Facebook aurait partagé les données des utilisateurs avec des grands groupes
La protection des données, un nouveau scandale pour Facebook

Alors que l’affaire Cambridge Analytica est à peine oubliée, Facebook agite encore la toile cette semaine : l’entreprise de Mark Zuckerberg a en effet partagé les données de ses utilisateurs à plus de 60 entreprises, dont Apple, Amazon, Microsoft ou encore Samsung. 

 

Ces accords de partage permettent d’accéder aux données personnelles des « amis » des utilisateurs telles que les relations, la religion ou encore l’orientation politique. Ce nouveau scandale passe encore moins bien à l’heure du RGPD. 

 

Alors que l’affaire Cambridge Analytica est à peine oubliée, Facebook agite encore la toile cette semaine : l’entreprise de Mark Zuckerberg a en effet partagé les données de ses utilisateurs à plus de 60 entreprises, dont Apple, Amazon, Microsoft ou encore Samsung. Ces accords de partage permettent d’accéder aux données personnelles des « amis » des utilisateurs telles que les relations, la religion ou encore l’orientation politique. Ce nouveau scandale passe encore moins bien à l’heure du RGPD.

 

Les accords de partage de Facebook permettent aux entreprises d’accéder aux données personnelles de ses utilisateurs et de celles de leurs amis

Facebook avait mis en place des accords avec pas moins de 60 constructeurs de téléphones tels qu’Apple, HTC, Microsoft, Amazon, Samsung... Certains de ces accords sont encore en vigueur aujourd’hui selon des révélations du New York Times et donnent à ces entreprises un accès privilégié aux données des utilisateurs et de leurs « amis », même quand ceux-ci refusent explicitement de les partager. Orientation politique, religion, statut des relations, calendrier d’événements, toutes ces données à caractère personnel sont encore accessibles. Dès 2012, ce partage d’informations confidentielles a posé problème en interne, notamment en termes de vie privée.

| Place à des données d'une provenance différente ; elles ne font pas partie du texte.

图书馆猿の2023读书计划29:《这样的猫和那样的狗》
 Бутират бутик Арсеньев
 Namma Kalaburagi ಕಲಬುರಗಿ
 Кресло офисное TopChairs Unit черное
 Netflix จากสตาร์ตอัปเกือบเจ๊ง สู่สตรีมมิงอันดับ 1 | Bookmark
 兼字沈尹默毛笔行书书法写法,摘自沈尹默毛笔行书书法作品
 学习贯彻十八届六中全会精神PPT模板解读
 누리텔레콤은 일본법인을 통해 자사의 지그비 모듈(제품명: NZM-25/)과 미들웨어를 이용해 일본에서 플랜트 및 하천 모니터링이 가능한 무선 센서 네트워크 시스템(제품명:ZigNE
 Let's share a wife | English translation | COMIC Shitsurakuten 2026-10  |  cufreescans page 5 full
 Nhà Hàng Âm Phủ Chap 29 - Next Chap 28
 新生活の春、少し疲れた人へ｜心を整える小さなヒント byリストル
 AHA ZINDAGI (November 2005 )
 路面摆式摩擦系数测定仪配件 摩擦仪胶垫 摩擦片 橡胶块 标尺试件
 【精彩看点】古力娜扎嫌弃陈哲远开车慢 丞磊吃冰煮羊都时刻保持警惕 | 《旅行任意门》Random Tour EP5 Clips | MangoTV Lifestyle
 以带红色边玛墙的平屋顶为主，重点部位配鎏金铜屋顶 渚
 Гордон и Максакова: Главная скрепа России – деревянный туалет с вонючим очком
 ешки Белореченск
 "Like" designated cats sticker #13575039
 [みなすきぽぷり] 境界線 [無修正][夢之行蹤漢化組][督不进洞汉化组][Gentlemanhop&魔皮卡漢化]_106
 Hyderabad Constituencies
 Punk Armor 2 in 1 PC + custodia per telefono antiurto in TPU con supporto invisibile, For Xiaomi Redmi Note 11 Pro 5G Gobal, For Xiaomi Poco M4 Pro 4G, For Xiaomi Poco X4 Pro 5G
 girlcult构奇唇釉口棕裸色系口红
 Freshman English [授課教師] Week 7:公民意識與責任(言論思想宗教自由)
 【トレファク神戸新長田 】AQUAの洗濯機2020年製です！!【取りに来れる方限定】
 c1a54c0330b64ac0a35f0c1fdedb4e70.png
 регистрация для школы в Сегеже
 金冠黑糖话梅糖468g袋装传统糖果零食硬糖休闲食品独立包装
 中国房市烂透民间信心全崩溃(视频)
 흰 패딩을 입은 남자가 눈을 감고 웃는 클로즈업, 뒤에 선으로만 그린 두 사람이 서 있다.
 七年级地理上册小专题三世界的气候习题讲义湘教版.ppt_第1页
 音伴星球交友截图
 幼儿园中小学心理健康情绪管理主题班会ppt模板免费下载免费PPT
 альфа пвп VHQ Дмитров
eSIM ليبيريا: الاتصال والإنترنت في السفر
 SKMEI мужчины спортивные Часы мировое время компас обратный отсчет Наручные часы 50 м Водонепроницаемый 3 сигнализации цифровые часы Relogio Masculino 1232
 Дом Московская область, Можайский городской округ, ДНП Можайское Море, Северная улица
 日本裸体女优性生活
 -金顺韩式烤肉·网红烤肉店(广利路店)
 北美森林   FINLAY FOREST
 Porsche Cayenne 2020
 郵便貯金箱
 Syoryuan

Cependant, cette pratique se poursuit six ans plus tard.

 

Selon Facebook, ces accords sur les données personnelles ne sont pas illégaux, mais sont tout de même progressivement arrêtés

La justice américaine est en train de vérifier si Facebook a enfreint ses engagements pris auprès de la FTC, le gendarme du commerce américain, il y a 7 ans. Cependant, Mark Zuckerberg lui-même a assuré que l’accès des applications aux données personnelles des « amis » était coupé depuis 2014, et qu’il supprimait les applications indélicates : l’entreprise américaine en aurait suspendu plus de 200. Cependant, les constructeurs de smartphones ne sont pas des applications mais des partenaires industriels. Ces partenariats ont été mis en place à une époque où les téléphones n’avaient pas la puissance requise pour supporter de faire tourner une application comme Facebook. Pour le chargé des partenariats de Facebook, ces accords ne seraient donc pas problématiques. Cependant, l’entreprise a annoncé y mettre fin progressivement.

 

Un scandale qui passe mal à l’heure du RGPD

Avec ce nouveau scandale, Facebook se met encore de nombreux organismes à dos, notamment après leur annonce de n’appliquer le RGPD qu’en Europe et pas ailleurs (contrairement à Microsoft par exemple, qui souhaite l’appliquer dans le monde entier). Aujourd’hui, la protection des données et leur sécurité est un enjeu majeur non seulement pour les utilisateurs, mais également pour les entreprises, dont beaucoup ont déjà entamé leur transformation numérique. Travailler avec des prestataires sous-traitants qui ne prendraient pas l’engagement de respecter le RGPD, c’est prendre le risque de ne pas être conforme aux exigences du RGPD.